I giudici di legittimità hanno ribadito come la concorrenza sleale parassitaria, ricompresa fra le ipotesi previste dall’art. 2598 c.c., n. 3, consiste in un continuo e sistematico operare sulle orme dell’imprenditore concorrente, attraverso l’imitazione non tanto dei prodotti, quanto piuttosto di rilevanti iniziative imprenditoriali di quest’ultimo, in un contesto temporale prossimo alla ideazione dell’opera, in quanto effettuata a breve distanza di tempo da ogni singola iniziativa del concorrente (nella concorrenza parassitaria diacronica) o dall’ultima e più significativa di esse (in quella sincronica), vale a dire prima che questa diventi patrimonio comune di tutti gli operatori del settore.

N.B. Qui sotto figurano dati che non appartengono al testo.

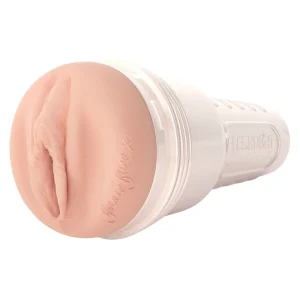 The Fleshlight Girls Bonnie Blue 1K Texture Masturbator is a realistic, flesh-toned adult toy shaped like female genitals, housed in a white cylindrical plastic case with signature text on the side.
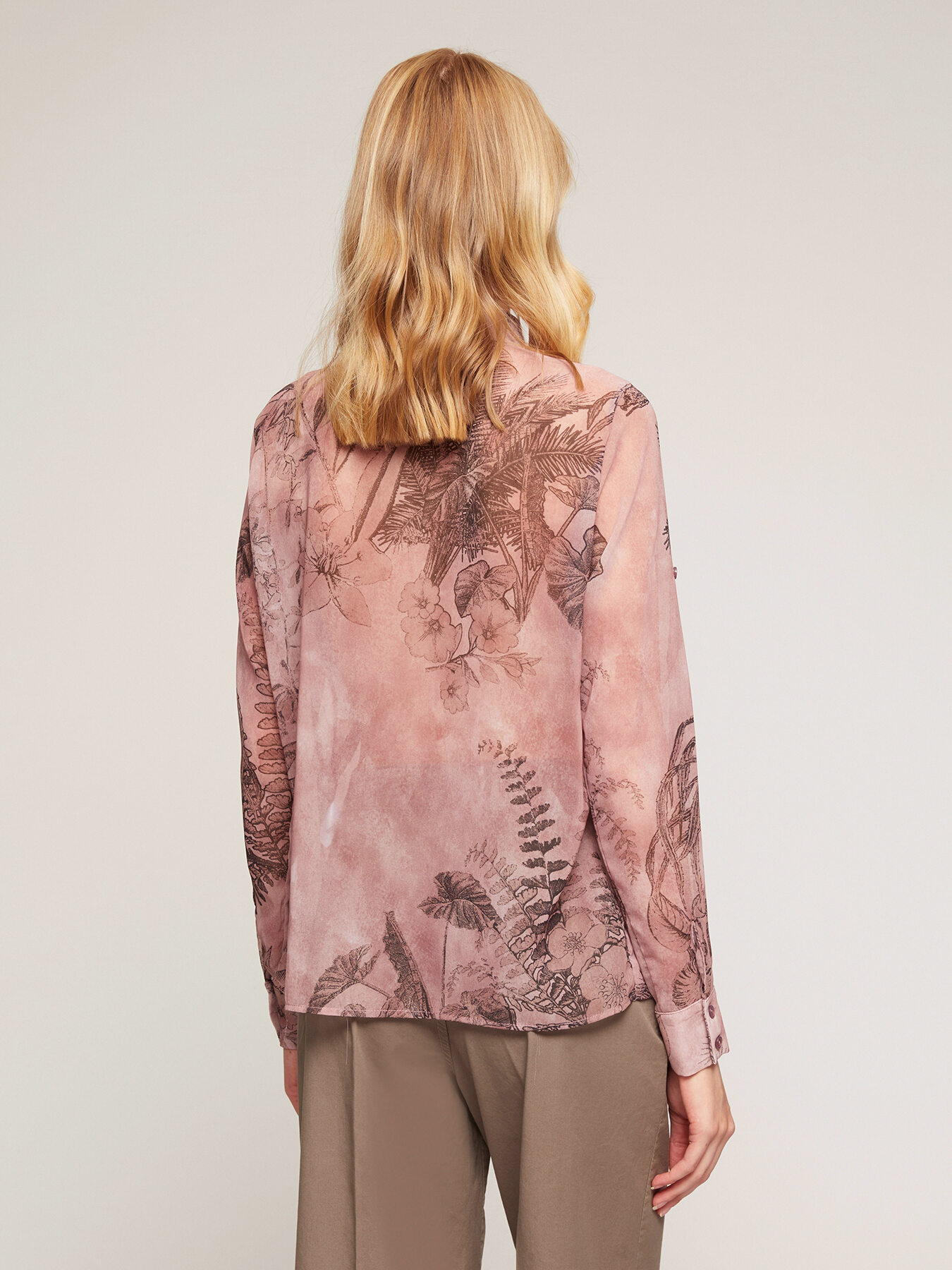 Chemise fantaisie en georgette fantaisie feuillage image number 1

Una vendita quindi a c.d. prezzi predatori, perchè inferiori in sostanza ai costi di produzione, o dumping interno (voce derivata dall’inglese medievale dumpen o dompen, a sua volta mutuata dallo scandinavo e traducibile in italiano con “lasciar cadere”). Una condotta della quale è stato rilevato il carattere bivalente atteso che la riduzione dei prezzi per un verso ben può risultare quale esito di una effettiva concorrenza, ma per altro, integrare uno strumento per eliminare la concorrenza stessa
Con brillante e interessante dissertazione il Collegio è giunto alla conclusione, nel rispetto dell’ orientamento prevalente della Corte stessa (Cass. 26 gennaio 2006, n. 1636), per la quale la scelta di un imprenditore in ordine alla politica dei prezzi sia in via di principio lecita, trattandosi di un comportamento strettamente legato alle valutazioni di rischio, che solo a lui competono, nel rispetto, naturalmente, delle regole sulla disciplina del commercio. Mentre l' “utilità sociale”, dalla medesima disposizione costituzionale prevista a limite della libertà d’impresa, va intesa pur sempre con riguardo al c.d. interesse del mercato, ossia a quello che nuoce o giova al buon funzionamento del medesimo, e, quindi alla generalità dei consumatori: e non al mero interesse di un altro concorrente a non essere messo in difficoltà.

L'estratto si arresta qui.